But a lot of us, especially with busy family life, we become less skilled than we were, or less available when we were single and had a lot more freedom. It takes a lot more intentionality to develop deep adult relations, especially new friendships. But man, it’s important that we do that because we need to be having deep conversations about real, major, very important things like our faith. And so he was saying, just an overall sense, if you find that you want to share the gospel or have a deeper conversation or develop a friendship with somebody, that the typical sort of way to think about that is you need to go out to coffee, do something that kind of takes the conversation to the next level. But during a lot of that stuff, you just want to get to know each other.

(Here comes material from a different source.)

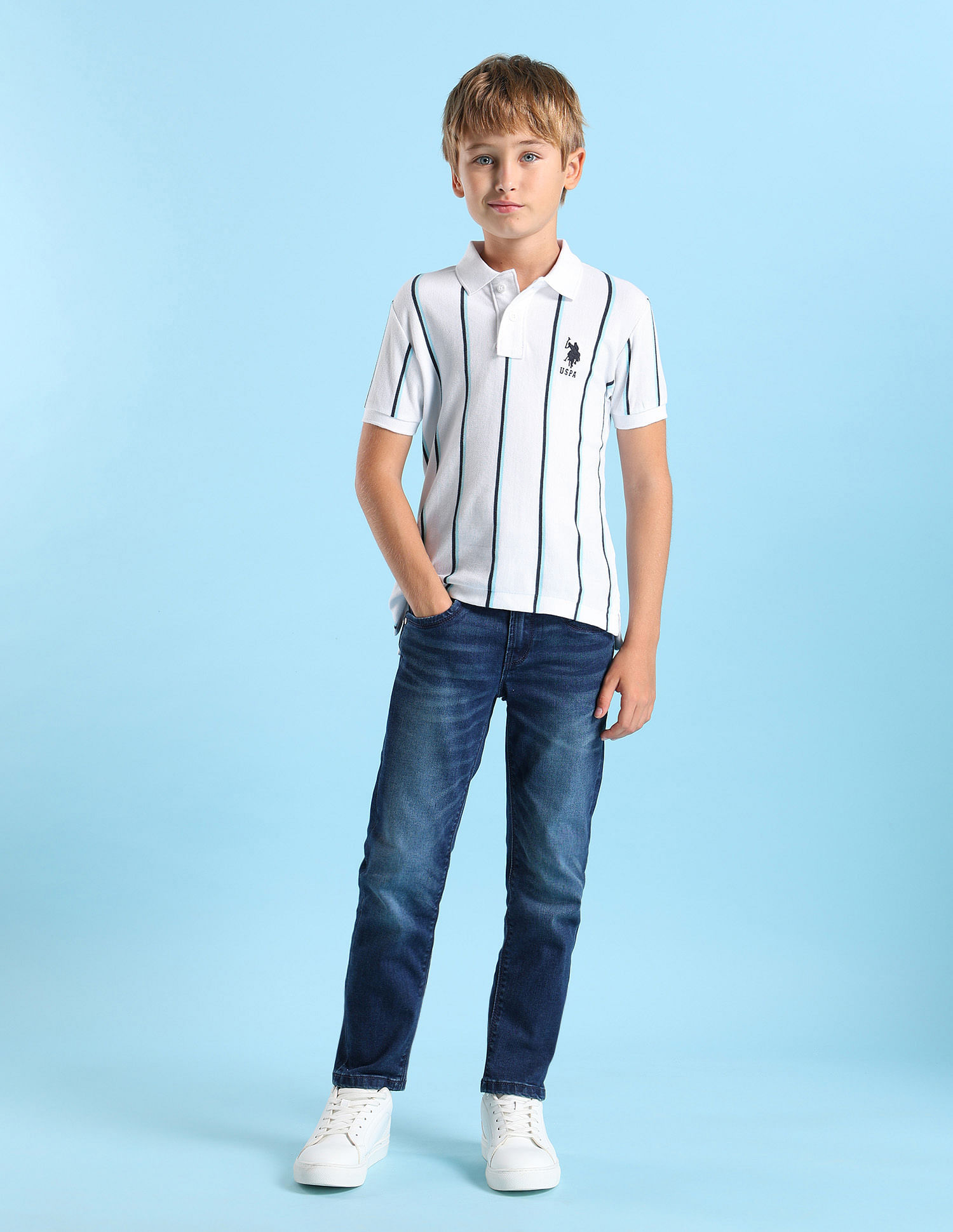 U.S. Polo Assn. Kids Boys Vertical Striped Regular Fit Polo Shirt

Then the second step is dinner, which I thought was interesting. I think one of the things that we’ve been really encouraging a lot of families around is it’s a really interesting experience. And I think that if people can taste the kingdom of God by having dinner with your family. And so if that’s not something that you’ve ever used or not something you’ve ever considered, we talk a lot about the power of developing a family meal, because it can become really sort of the root structure for your multigenerational family. But man, if you can craft that dinner, it can also be the hub of your evangelism. Because if people see things happening around that table that they don’t normally see, they’re going to ask questions. And that, of course, is what Sam Chan’s trying to describe. Man, how do you begin to have a real kind of gospel conversation?

Jeff:
Yeah. And I think too, I’ve never loved the model that was more prominent in probably eighties, nineties, early two thousands of tracks and some of these other things. And there’s nothing wrong with those, and millions, millions have been saved, impacted, come to the Lord through that. Just by the way, to defend that a smidge, just because something has worked, it never means there’s never a better. I think there’s so many of us who are just like, “Oh, it works, so it must be right.” No, no. We should always be saying, “What’s best? What’s best? What’s best? What’s best?” And I think what we see what’s best, even though you can have kind of these surrounding type ways of evangelism, is this real ethos of the table. That is so obvious in scripture that there’s a… And table is not just food, but table is a metaphor and an actual physical representation of relationship.

And that’s what I think got lost pretty big in the more heavy kind of track, where are you going to go when you die, four spiritual laws, dynamic windows. Even those things have obviously exposed millions of people to the kingdom. So I just think I would love to see a recovery of the table being the orbiting force of where people meet Jesus. Actually physically or just metaphorically of setting tables in relationship and building bridges and going over multi-years in a relationship with people before maybe certain things even kind of come up or something. Even though there is an urgency and of course like that, and the Lord speaks to everyone in different ways.

But I think returning to the table, returning to that kind of model. And a family has the best opportunity to do that. The family has such a good opportunity to kind of center meals as a really provocative, amazing place for them to see, like you said, the taste of the kingdom.